Task details: I would like the entries transcribed word for word, please, with the pictures removed.
++++ Records to process
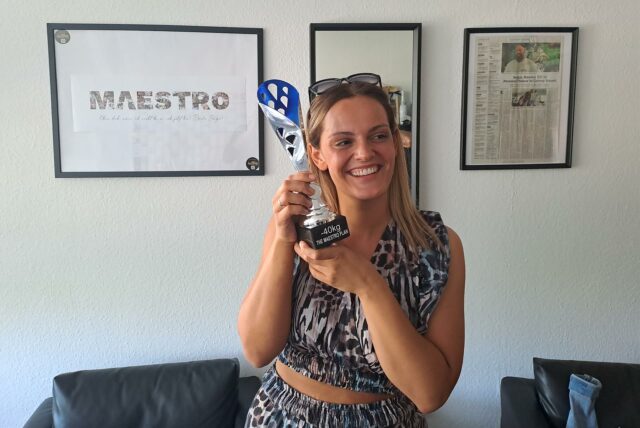 Stolz zeigt Jessica (28) den Pokal für ihren Erfolg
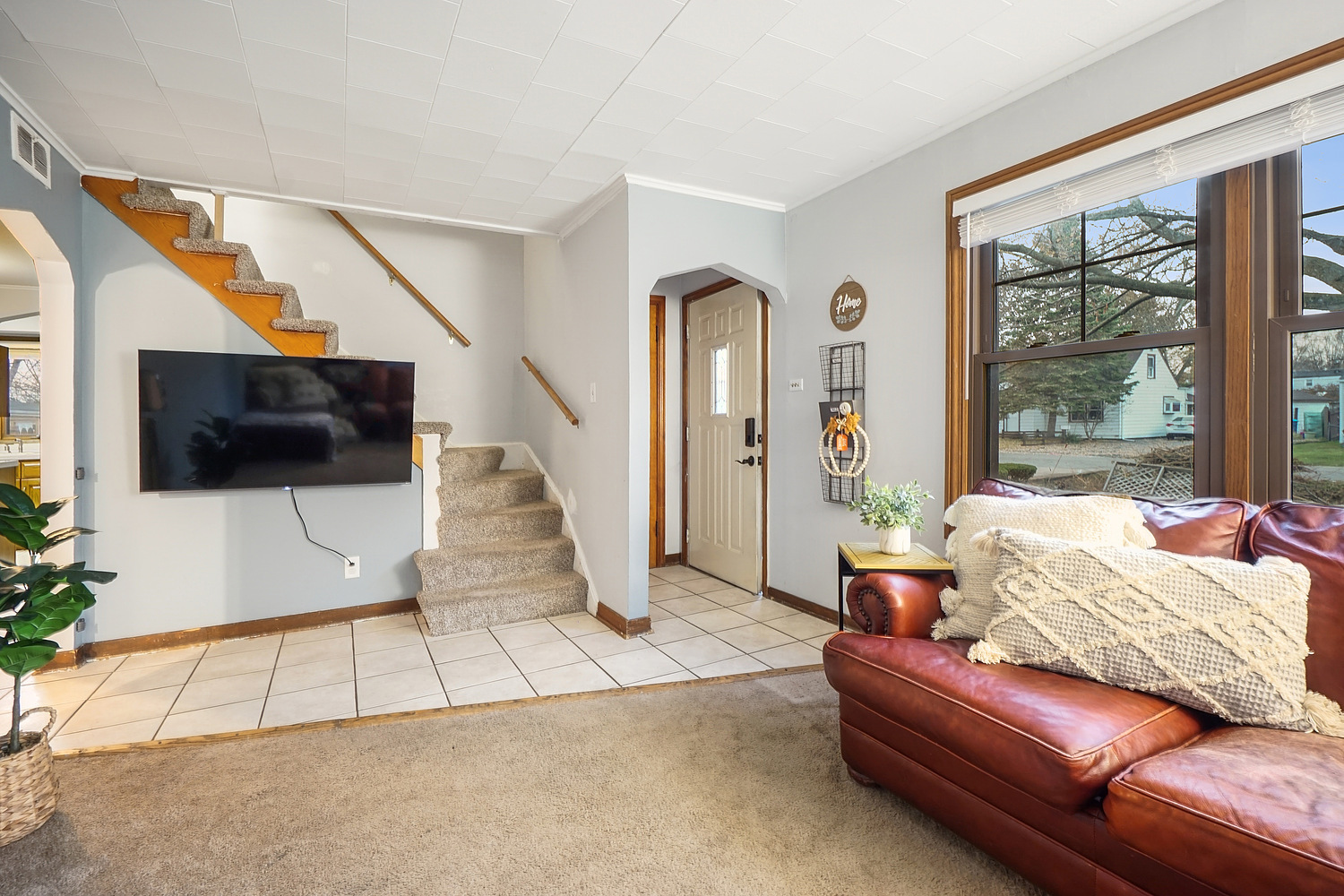 14317 Kilbourn Avenue Midlothian, IL 60445 - Photo 3 of 17 a living room with furniture and a flat screen tv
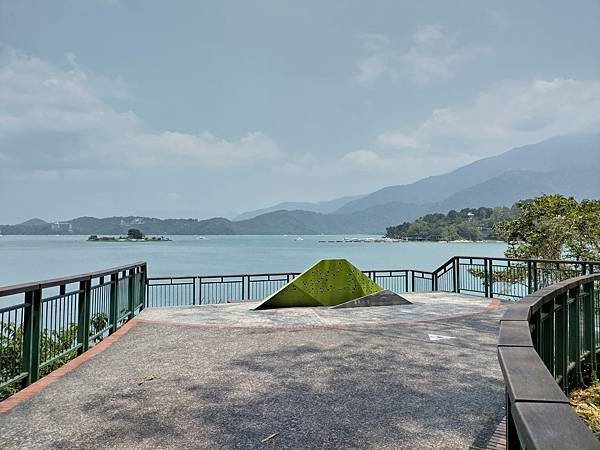 日月潭 四月百花路．向山懸臂式觀景台．看見拉魯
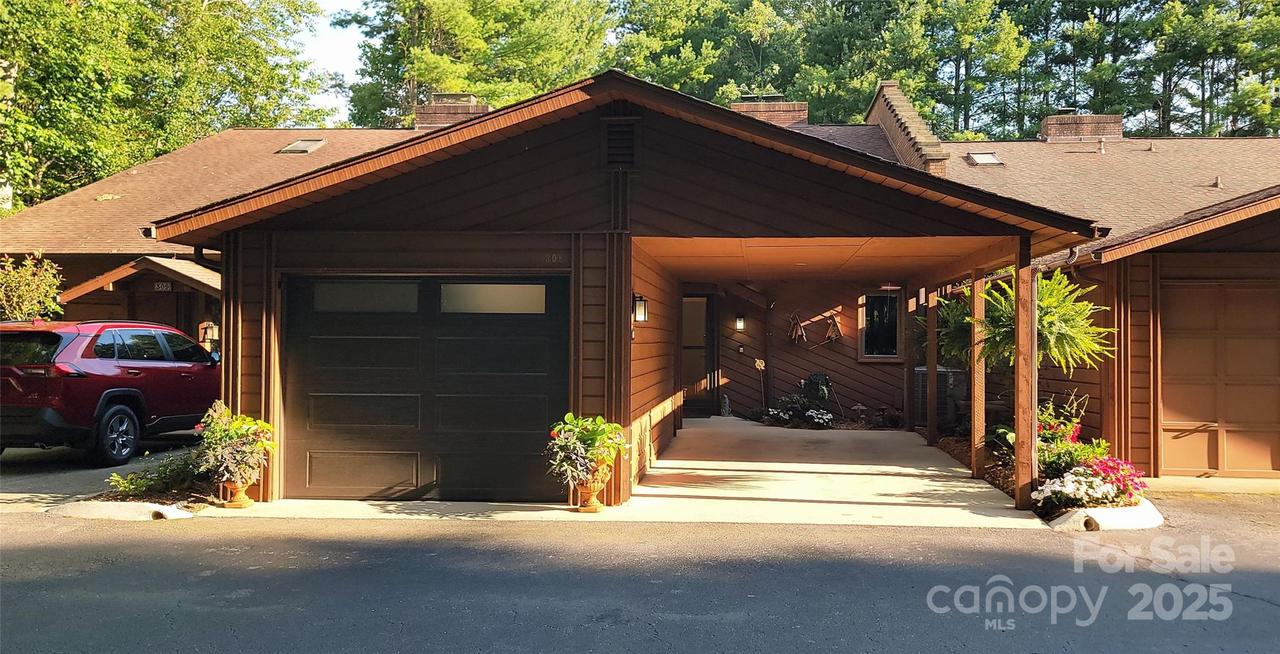308 Woodfield Dr., Asheville, NC 28803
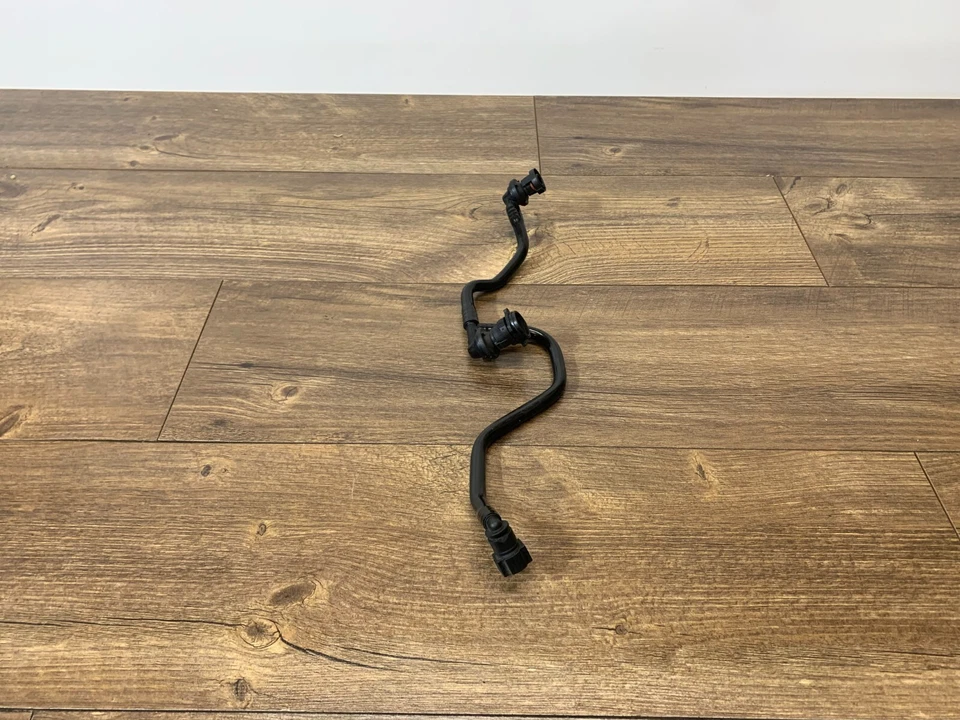 Línea de tubo de vacío de refuerzo de freno Mercedes-Benz E 550 63AMG 2012-2016 A2124300529 Foto 2 de 4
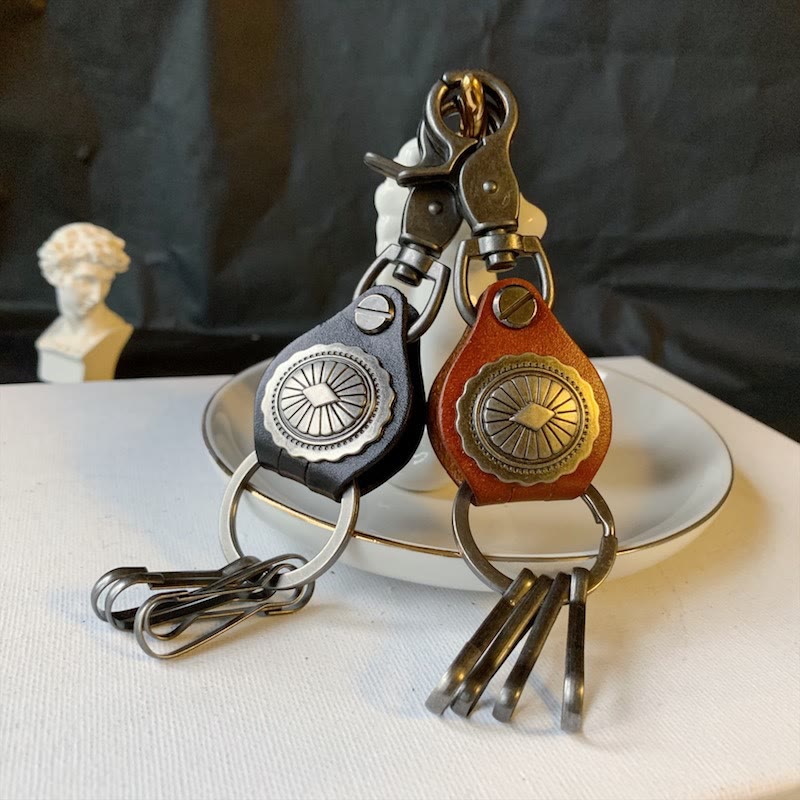 Vintage Silber Runder Leder Schlüsselanhänger mit Anhänger - image 1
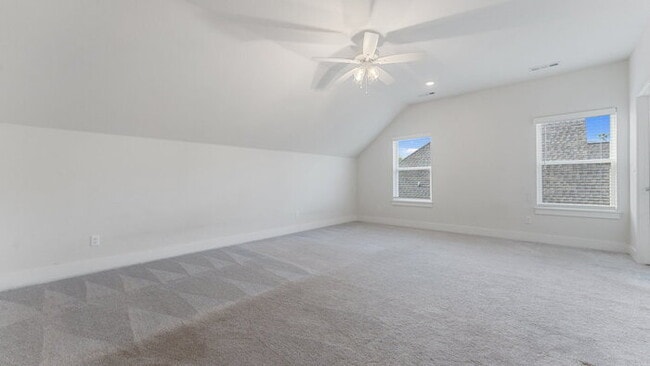 Building Photo - "Lovely 4-Bedroom Retreat with Fireplace &...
++++++++
Output of the task:
 Stolz zeigt Jessica (28) den Pokal für ihren Erfolg
 14317 Kilbourn Avenue Midlothian, IL 60445 - Photo 3 of 17 a living room with furniture and a flat screen tv
 日月潭 四月百花路．向山懸臂式觀景台．看見拉魯
308 Woodfield Dr., Asheville, NC 28803
 Línea de tubo de vacío de refuerzo de freno Mercedes-Benz E 550 63AMG 2012-2016 A2124300529 Foto 2 de 4
 Vintage Silber Runder Leder Schlüsselanhänger mit Anhänger - image 1
 Building Photo - "Lovely 4-Bedroom Retreat with Fireplace &...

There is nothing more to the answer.